** Input for this task follows **

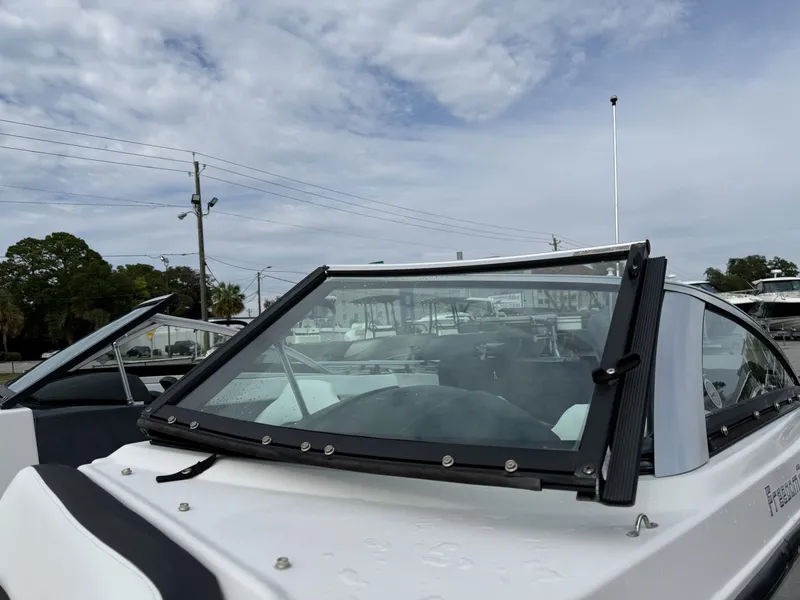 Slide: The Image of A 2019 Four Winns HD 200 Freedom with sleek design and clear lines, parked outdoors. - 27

** End of Input for this task **
** Input for this task follows **

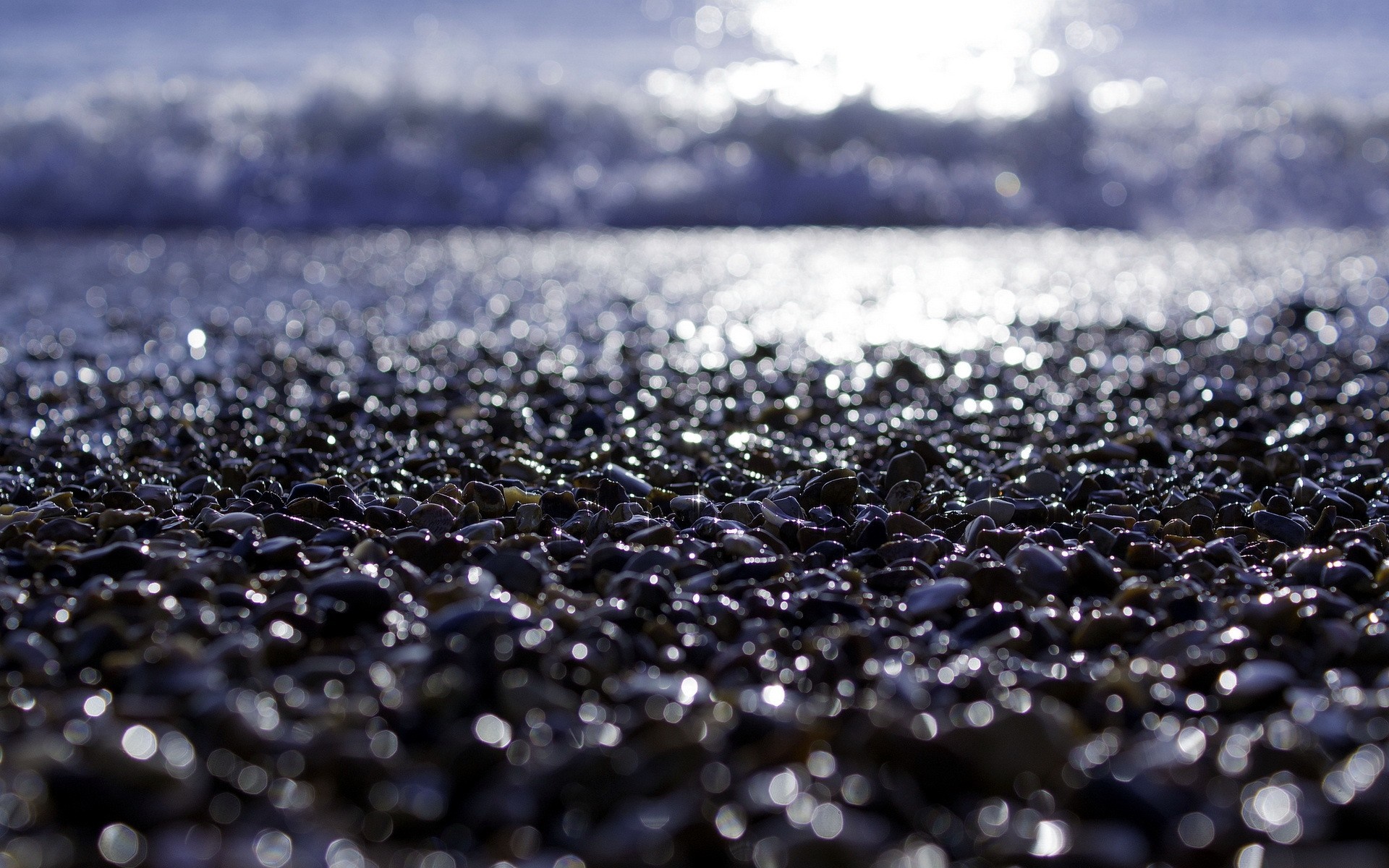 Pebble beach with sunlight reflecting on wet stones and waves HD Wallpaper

** End of Input for this task **
** Input for this task follows **

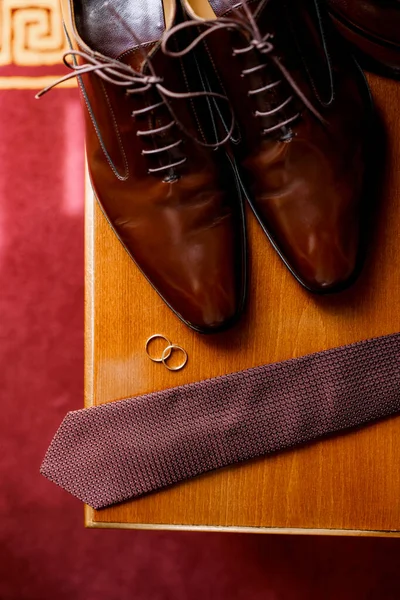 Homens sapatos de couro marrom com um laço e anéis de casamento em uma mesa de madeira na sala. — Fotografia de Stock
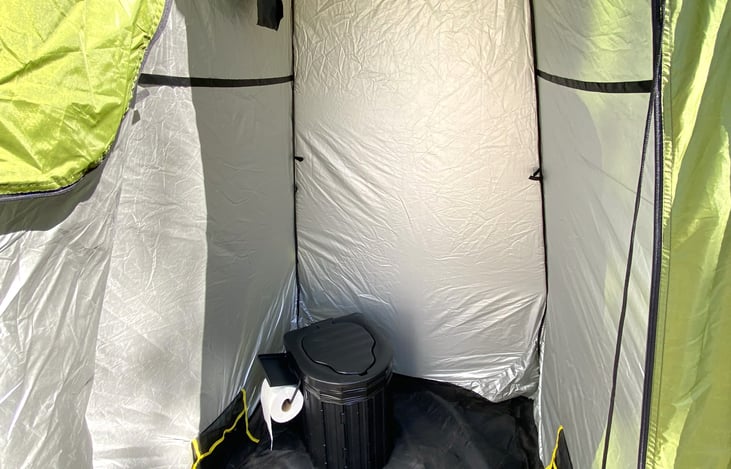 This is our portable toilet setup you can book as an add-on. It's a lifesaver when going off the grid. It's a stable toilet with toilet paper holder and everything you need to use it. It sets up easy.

** End of Input for this task **

Output only the lines above from the line that holds "Homens sapatos de" through the line that holds "This is our", both ends included, and exclude pictures.

 Homens sapatos de couro marrom com um laço e anéis de casamento em uma mesa de madeira na sala. — Fotografia de Stock
 This is our portable toilet setup you can book as an add-on. It's a lifesaver when going off the grid. It's a stable toilet with toilet paper holder and everything you need to use it. It sets up easy.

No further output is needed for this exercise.